Müşterileri çoğunlukla son vapura yetişmesi asla mümkün olmayan, Büyükada'da ikamet eden Kumkapı meyhanelerinin gayr-i müslim konsomatrisleriymiş. Konsomatris dediysek, sakin ola umumi kadın ile karıştırılmaya. . Dönemin konsomatrisleri, efkâr dağıtılan meyhane ve pavyon sofraları müdavimlerini daha ilk kadehi yudumlamadan sarhoş edecek kadar güzel ve bir o derece de namuslularmış. Müşteriyle iliksileri sadece ve sadece müessesenin onları kolayca söğüşleyebileceği kıvama kadar sarhoş etmekmiş. Lakin bu kadınların ortak yanları varmış ki, o da bizim Kayıkçı Ali’ymiş.
Ali'nin kayığına binip de, Büyükada'ya varmadan, Heybelinin hemen arkasında mehtap altında, dalga üstünde Ali'nin tezgâhından geçmeyen yokmuş. Ali de Ali’ymiş hani. Öylesine bir çekiciliği varmış ki, kayığına müşteri olup da kürek çeken kaslı kollarını, ay ışığında parlayan kavruk tenini gören daha Kınalı'ya bile varmadan Ali'nin karşısında bir mum gibi eriyormuş. Eee, Kayıkçı Ali de müşteri velinimettir anlayışıyla hiç birine hayır demiyor sessizce isini görüyor ve lakin kayıkta olanı biteni asla ve asla hiç bir mecliste mevzu bahis etmiyormuş.

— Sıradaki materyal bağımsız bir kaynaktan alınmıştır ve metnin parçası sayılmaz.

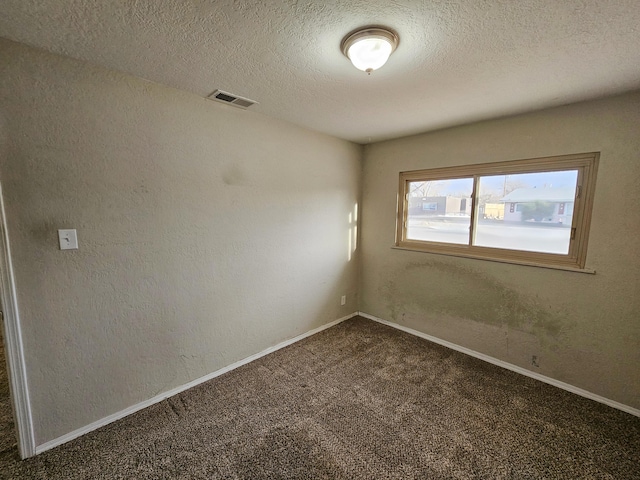 spare room with visible vents, dark carpet, baseboards, and a textured wall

Günlerden bir gün, Çukurova’nın güzelliği ve dirayeti dillere destan, uğrunda bıçaklar çekilen kursunlar atılan, mekânlar basılan Afet-i Devran Neriman’ı Kumkapı'nın en ünlü meyhanelerinden birine transfer olmuş. Bu Neriman Venüs kadar güzel, lakin Rahibe Teresa kadar da frijitmis. Rivayet olunurmuş ki Neriman’ı tezgâhından geçirecek er kişi henüz ahir zamana intikal etmemiş, o mübarek ana o yavuz yiğidi daha doğurmamıştır. .
Her nasılsa Temmuz gecelerinden bir mehtaplı gecede, Afet-i Devran
Neriman’ın Büyükada'ya gitmesi icap etmiş. Çevresindekiler acele etmemesini, sabahın ilk vapurunu beklemesini önermişler. Dinlemeyip ısrar edince de Ali'nin namını anlatmışlar. Şuh bir kahkaha savurmuş Neriman,
- "Hahahayyyyt, demiş, O kayıkçı parçası mı namusuma el sürecek?"

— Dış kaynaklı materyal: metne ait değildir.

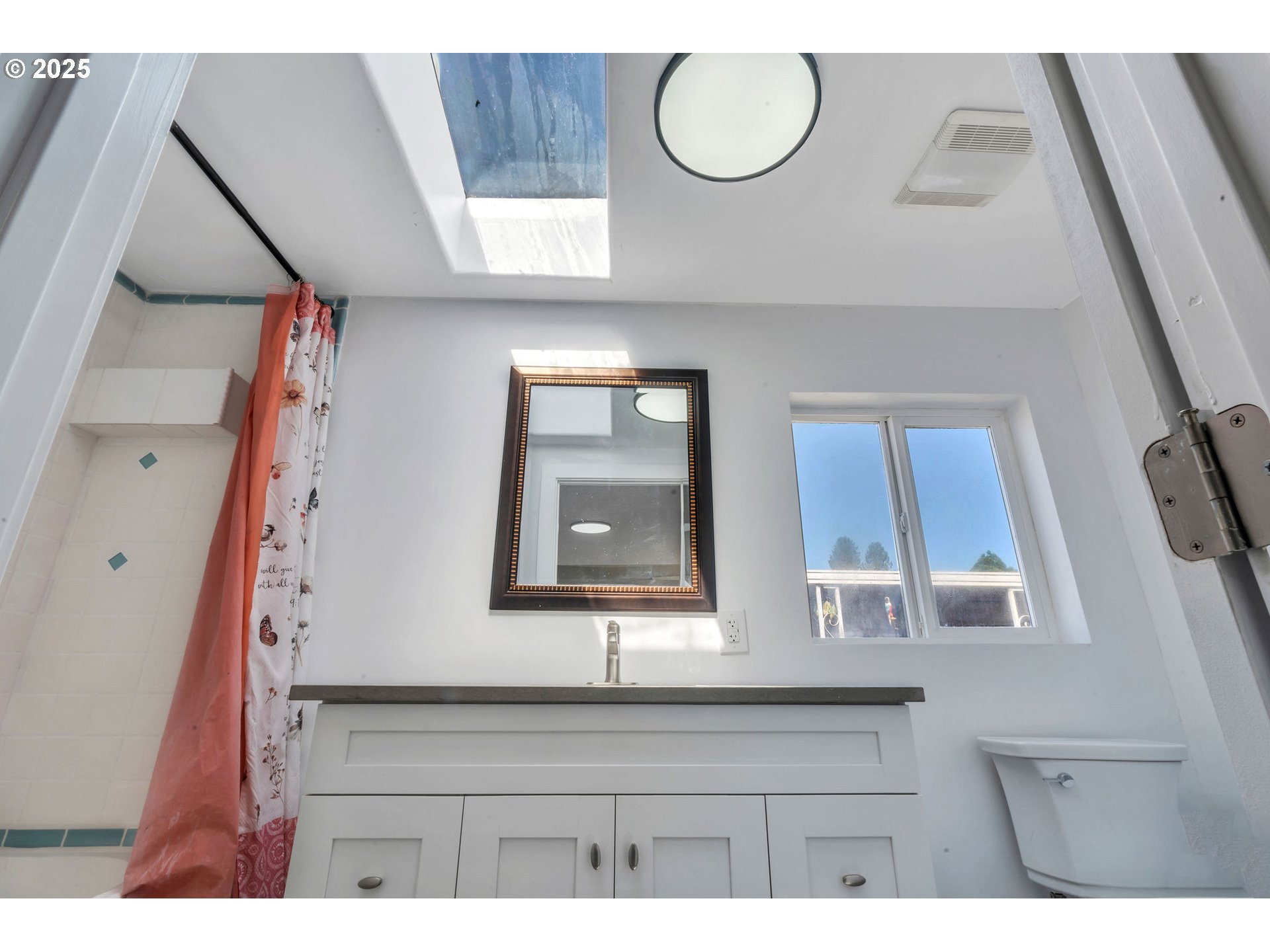 3554 Turner Road Southeast Salem, OR 97302 - Photo 23 of 26 a bathroom with a sink a mirror and vanity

Aman yapma etme büyük konuşma, Ali'nin kayığına binip de donuna dokunmadan inen yok demişler, dinletememişler.Nihayet binmiş Neriman Ali'nin kayığına.. “Çek” demiş Büyükada'ya.. “Hayhay” demiş Ali.. Vira bismillah çekip asılmış küreklere.

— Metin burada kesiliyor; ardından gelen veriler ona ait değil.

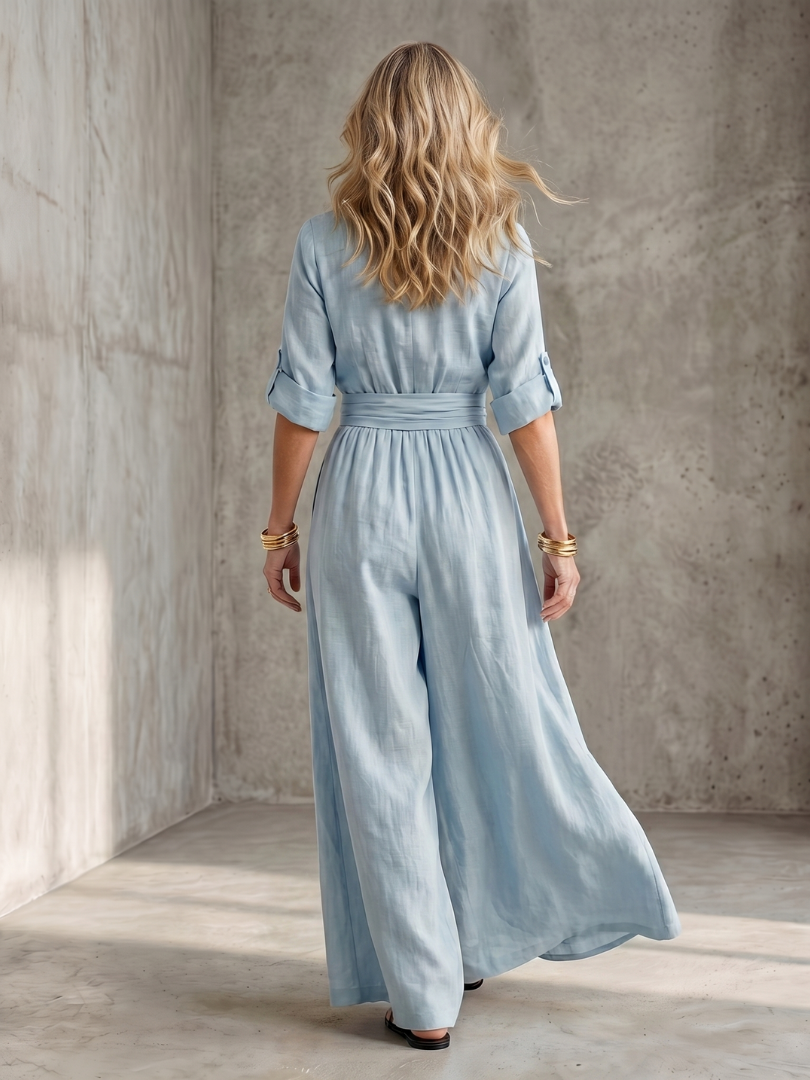 Sky blue wide-leg wrap jumpsuit, back view with gathered waist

Moda burnu hizasına geldiklerinde, Neriman dayanamayıp göz ucuyla kaçamak bakışlar atmaya başlamış Ali'ye... Bir yandan Ali'nin namının hiç de haksiz olmadığını düşünürken bir yandan da içinde kıpraşan karşı koyamadığı arzuya gem vurmaya çalışıyormuş. .Bir kaç kez göz göze gelmişler... Ali hiç ses etmemiş. Derken Neriman’ın kaçamak bakışları sıklaşmış.. Zapt etmeye çalıştığı arzuları coştukça coşuyormuş..Öte yandan da uğruna erkeksiz yaşadığı belki de eline erkek eli değmeden mundar olup öte aleme hicretine sebep olacak namı geliyormuş aklına... O içinde böyle fırtınalar yasarken, Ali sessizliği bozuvermiş, bir yandan küreklere asılırken bir yandan da nasihat verir gibi, of çeker gibi mırıldanmaya başlamış;
- "Derleeeeeer, derleeeeeer, derleeeeeer, derleeeeeer. .."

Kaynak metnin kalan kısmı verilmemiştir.